Geof: So we’re going to start with a bit of fun, as I said. We played our lightning round game the last time we had you on the program, in your role as head of the Arm client line of business, and it was highly entertaining. So we’ve got a few new warm up questions for you this time. The first is a variation on Desert Island Discs. In this one, you’re trapped on a desert island, but we want to ask, what one book do you want?
Paul: That’s interesting. So, I’ve always been a crime, well, sort of spy fiction novels person. If anyone out there has been watching the Slough House series on Apple TV, then Mick Herron is the author and his new book is out very shortly. And I’ve been waiting for that one eagerly. So that would be probably the one I’d want most at the moment is to find out what happens in that interesting saga.
Geof: Fascinating. And I actually have been following the same series, so I’m excited that you said that. Okay. So, next question. If you could use technology to solve one problem in the world, what would that problem be?
Paul: I think the area that I’m really interested in at the moment, and it’s one that we’re thankfully being able to be involved in is energy, energy and the way we can continue to evolve and develop our businesses and our lives, but consume energy carefully. So whether it be an incredible technology that just changes the way that we can generate it with less impact on the planet, or the areas we’re working on where we’re helping to. You know, consume it more intelligently at the right times of the day and to use the latest renewable energy more, more frequently rather than relying on gas and coal. I think that that would be really beneficial to the planet and something would be amazing if I could snap my fingers and have it solved and deployed everywhere.
Geof: Yeah, we’ll look forward to that. Okay. Okay. Last one. You can dine with either Alan Turing or Stephen Hawking. Which one and why? And just as importantly, what would you have for dinner?

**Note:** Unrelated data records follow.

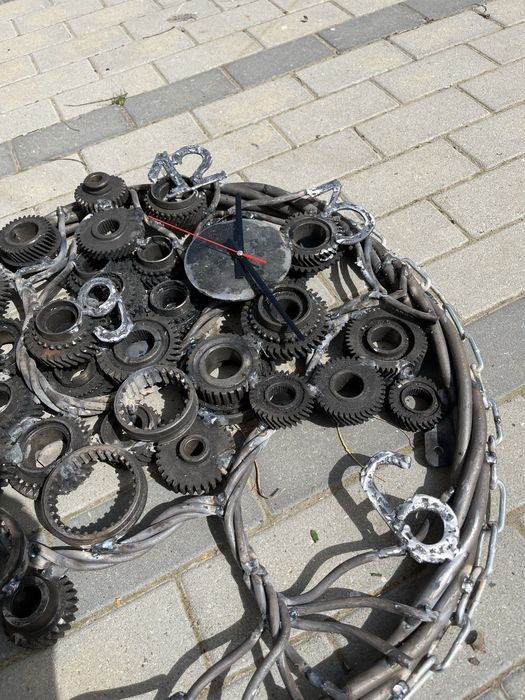 Ceas pomul bogatiei pentru motociclisti si pasionatii de auto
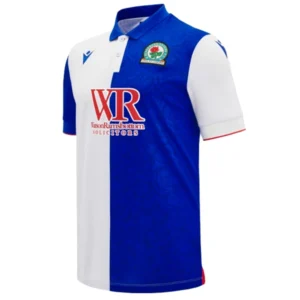 Blackburn Rovers Camiseta 2024 2025 Casa Azul - Camiseta Blackburn Rovers | tiendasdefutboles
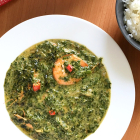 Spinach Laing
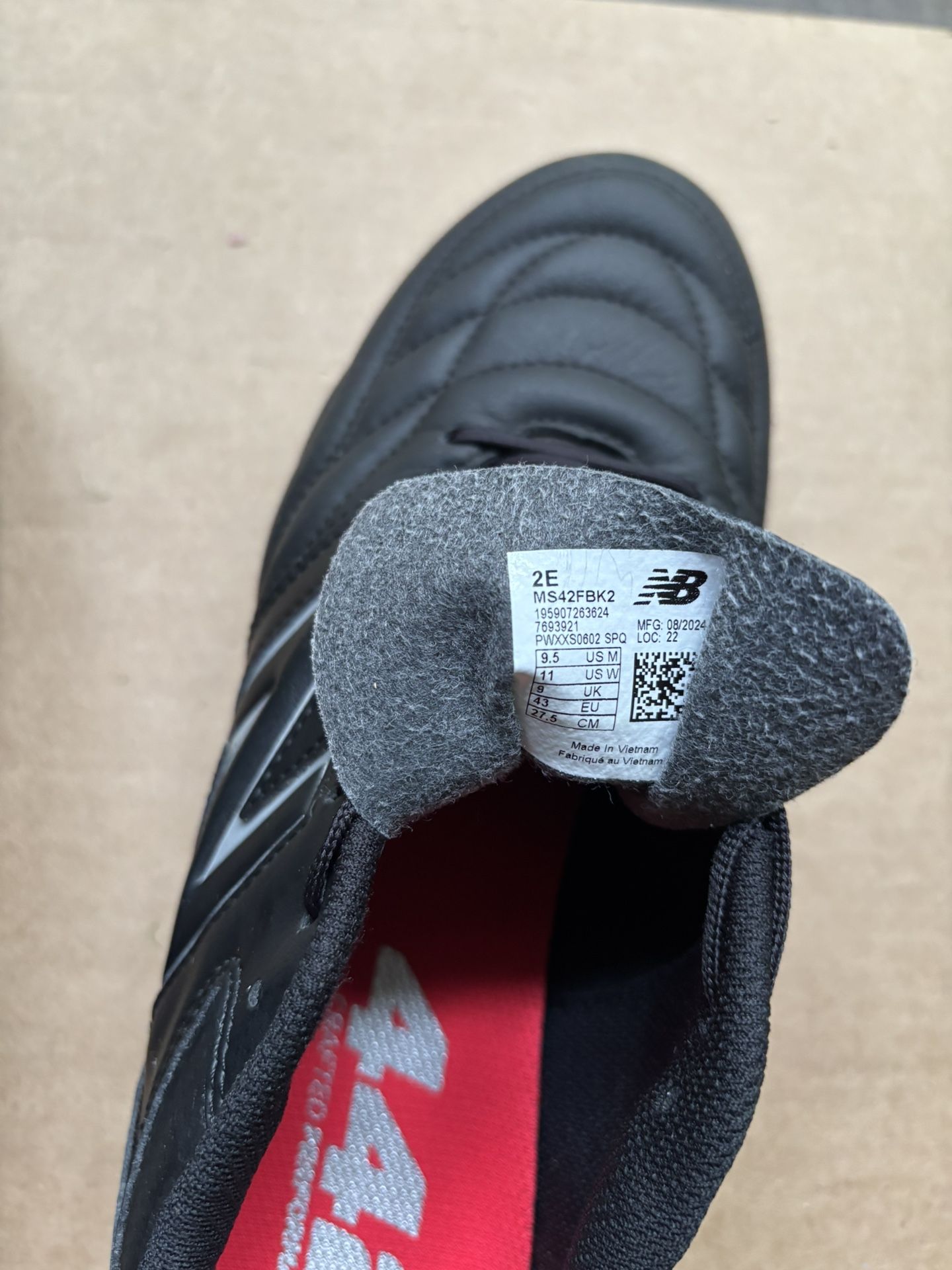 football shoes 11#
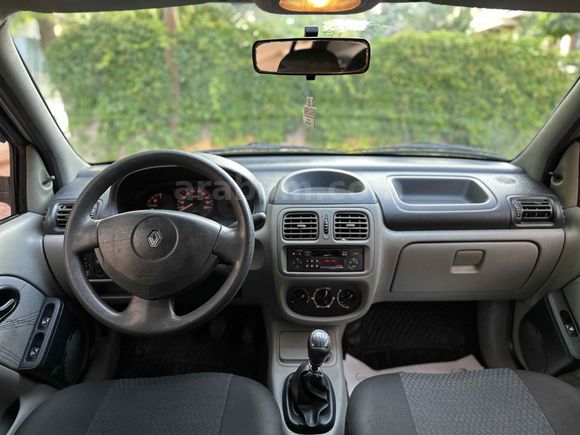Galeriden Renault Clio 1.4 Authentique 2004 Model Konya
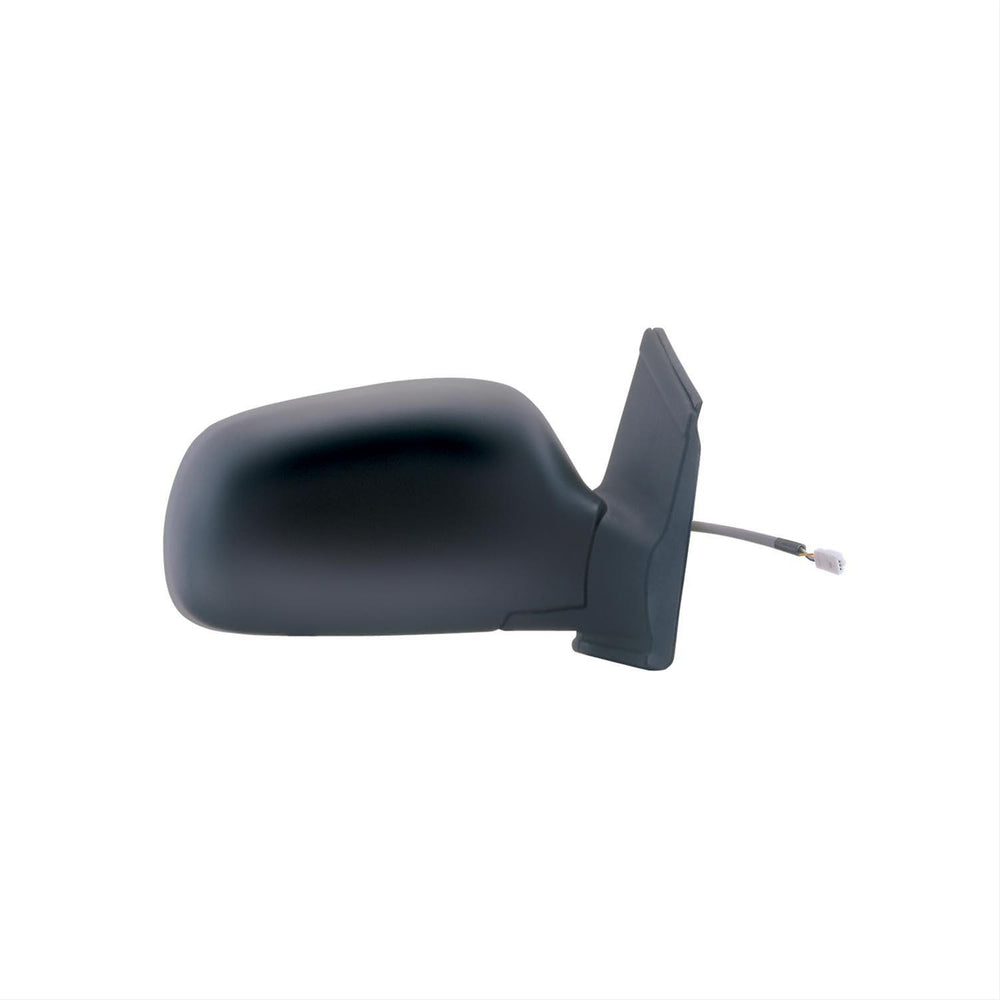 9803 TOYOTA SIENNA RH POWER FOLDAWAY OE MIRROR TEXTURED BLACK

Paul: That’s a great question. And I think I have to say, much though I have huge respect for Stephen Hawking, and I did once sit next to him in a cinema, which wasn’t very interactive. Alan Turing is the person that I’d be most interested to speak to. And I think that’s partly the innovations in computing and obviously that being a core area of my life and my, and the business here at Arm, but also just thinking about the personal tragedy around him and the discrimination he faced in his life. And to show him or talk to him about the way the world is emerging and whether that’s getting better and the opportunity that provides for the world as well. I think that would be a fascinating discussion. As to what we’d eat, I have no idea what the guy would enjoy, but I, I, I think on a personal level, I recently had the pleasure of one of our customers buying me an incredible Japanese sushi dinner with a chef ironically in Taiwan. And it was just fabulous. So, repeating that dinner with him as a guest in a lovely private dining room would be an exceptional experience.
Geof: I think that sounds amazing. Okay, well, hopefully you’re feeling warmed up now, Paul. Now comes some questions that are specific to the world of IoT. Since your new job represents a return to the world of IoT, I’m going to ask you to cast your mind back to when you first started working in IoT, and how has the industry changed since then?
Paul: The IoT business, I suppose I first started working in it when I was working in a company called Cambridge Silicon Radio around 15 years ago or so. And at Cambridge Silicon Radio, we were in an era where we were moving from audio connectivity to smartphones to starting to think about how can we connect more things to smartphone and the emergence of Bluetooth low energy as a technology, which I was fortunate to lead at CSR really broke the mold and allowed us to create things that connect and we could collect data from in a new way. So we were able to see the emergence and, and deployment of things like, you know, Fitbits. And for me at the time, Nike fuel bands, which were collecting personal data and relaying it to apps, being able to display it, giving you a really powerful user control in your hand. This created a change in the compute needs of these embedded devices. Suddenly they had to have more complex software stacks, more memory to be able to operate. And that really drove a step change in an evolution that continued for the subsequent 10 years. And those devices have got more proliferated around our homes with more smart home technology. But they have become more valuable. They now interact with each other through the cloud and can actually be more intelligent than the individual device. And that’s caused ever greater complexity of standards. So we’ve seen the emergence of newer standards now that are trying to pull together these in home devices and these personal connected devices to share data. And that’s, once again, stepping up the need for more compute, more memory and more power in these devices. So it’s been an evolution and a trend that progressed for quite a long time. But we are, I think on the verge of a new wave and that’s going to be interesting.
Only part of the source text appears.